Work required => Copy only what lies from the line containing "Excited schoolgirl pointing" through the line containing "Group photo of" in the entries below, keeping both end lines exact and dropping every picture.
Source information below:
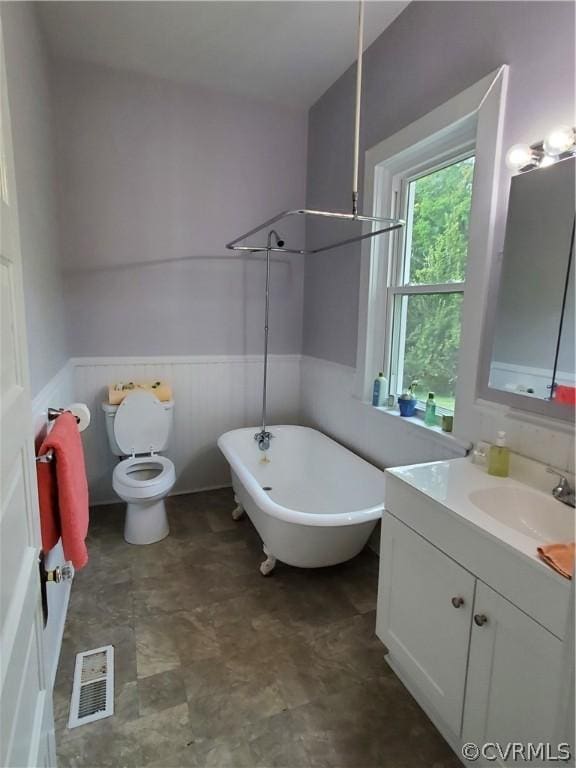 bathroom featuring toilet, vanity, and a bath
End of Source information.
Source information below:
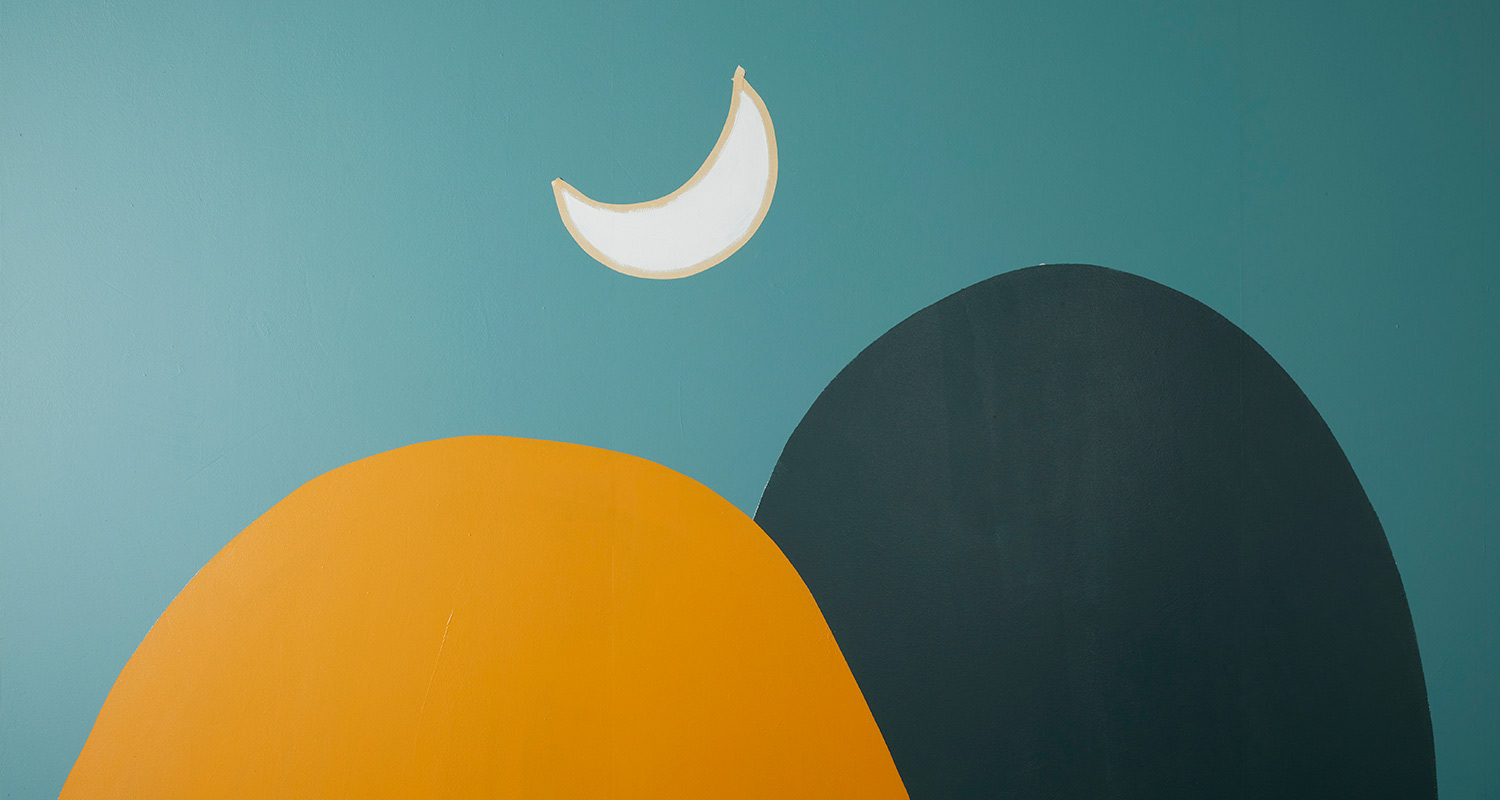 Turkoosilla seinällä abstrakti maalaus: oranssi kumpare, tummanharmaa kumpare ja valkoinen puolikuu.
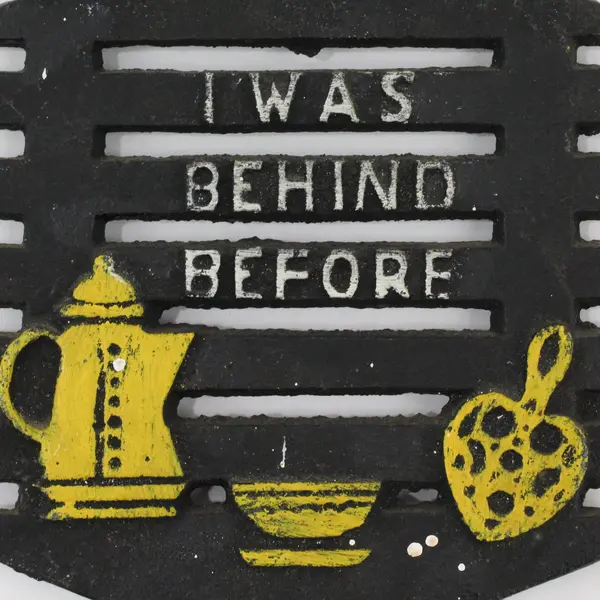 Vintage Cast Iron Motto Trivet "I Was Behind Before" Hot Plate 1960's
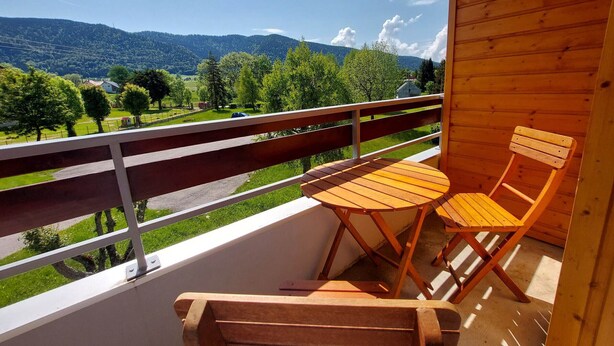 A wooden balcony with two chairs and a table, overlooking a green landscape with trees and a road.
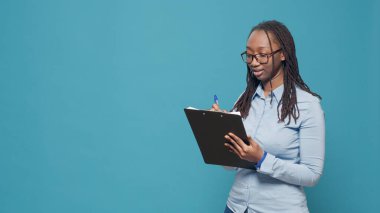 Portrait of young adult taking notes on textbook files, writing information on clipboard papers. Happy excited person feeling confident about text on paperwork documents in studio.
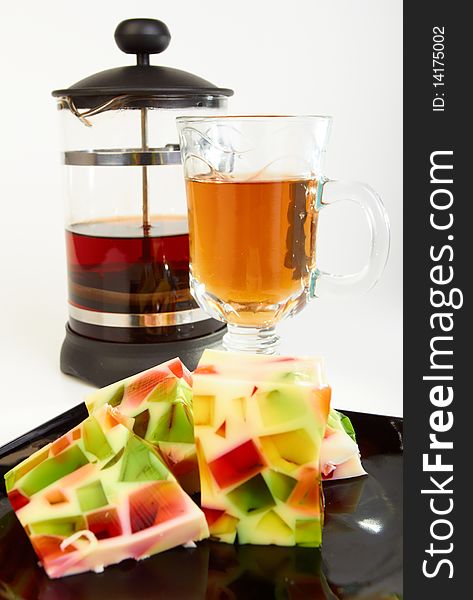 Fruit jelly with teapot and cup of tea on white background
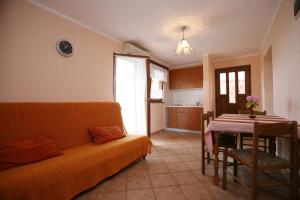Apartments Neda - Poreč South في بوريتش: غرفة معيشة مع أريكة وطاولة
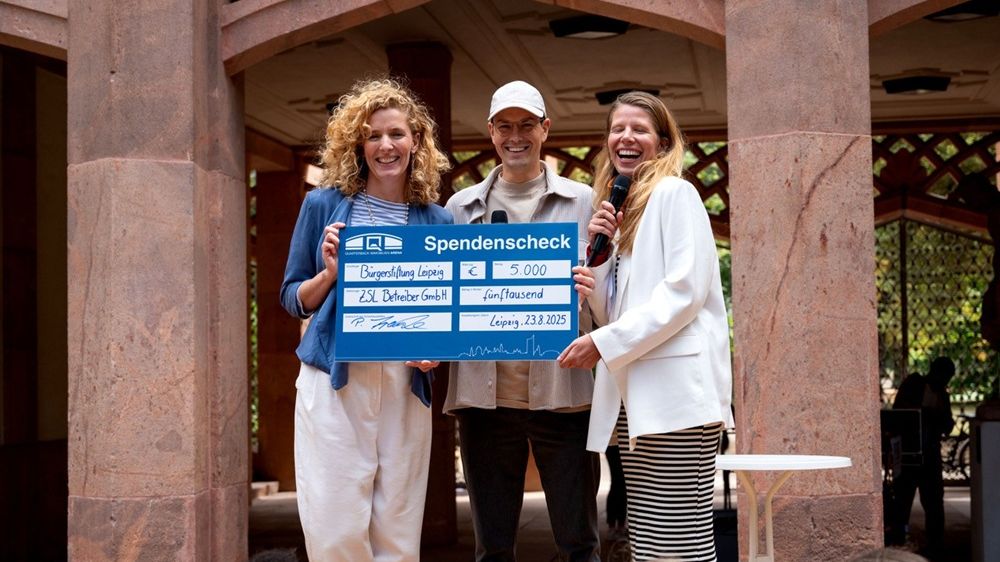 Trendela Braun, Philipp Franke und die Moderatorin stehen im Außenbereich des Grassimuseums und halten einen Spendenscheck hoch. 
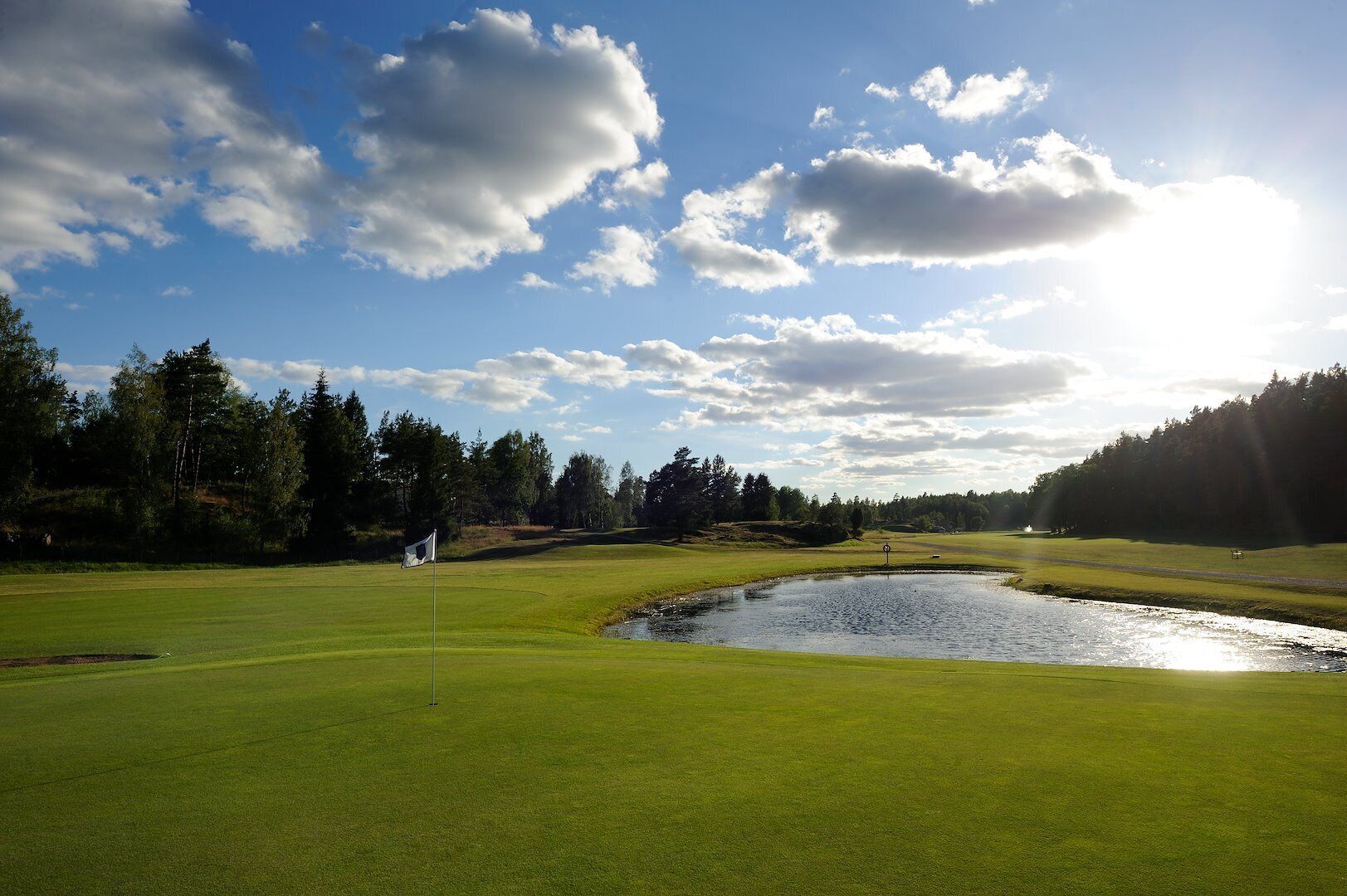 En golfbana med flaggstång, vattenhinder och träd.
End of Source information.
Source information below:
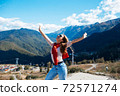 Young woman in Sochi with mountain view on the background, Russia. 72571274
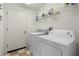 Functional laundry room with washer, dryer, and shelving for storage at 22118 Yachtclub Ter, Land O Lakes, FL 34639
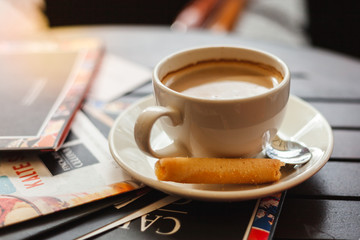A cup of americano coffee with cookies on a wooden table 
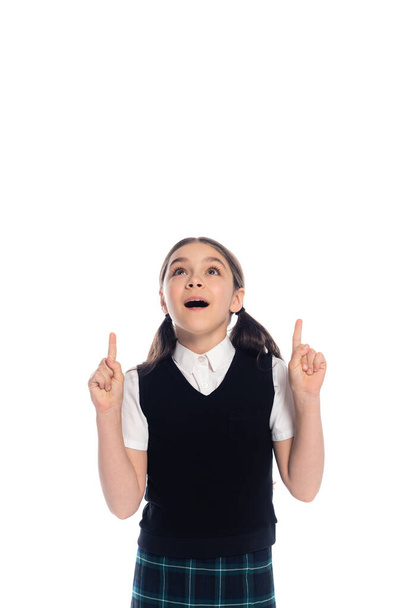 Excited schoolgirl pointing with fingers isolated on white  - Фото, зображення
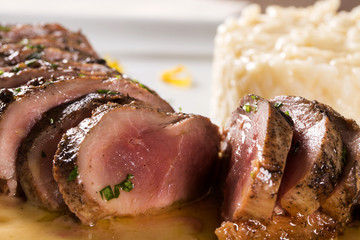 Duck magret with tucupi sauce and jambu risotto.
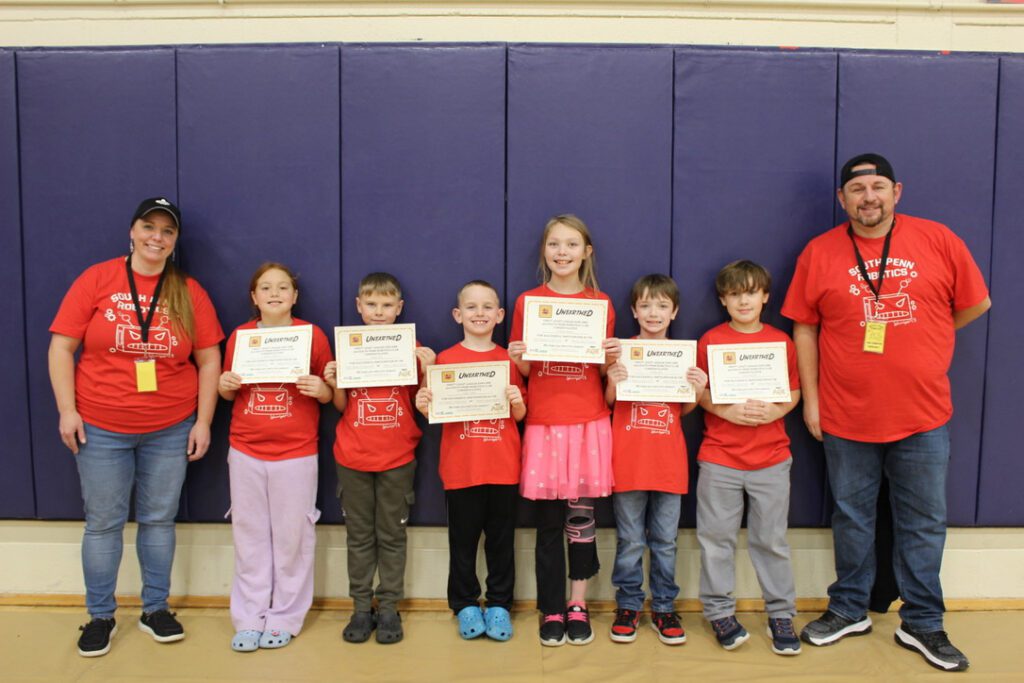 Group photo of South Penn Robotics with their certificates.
End of Source information.
Answer box =>
 Excited schoolgirl pointing with fingers isolated on white  - Фото, зображення
 Duck magret with tucupi sauce and jambu risotto.
 Group photo of South Penn Robotics with their certificates.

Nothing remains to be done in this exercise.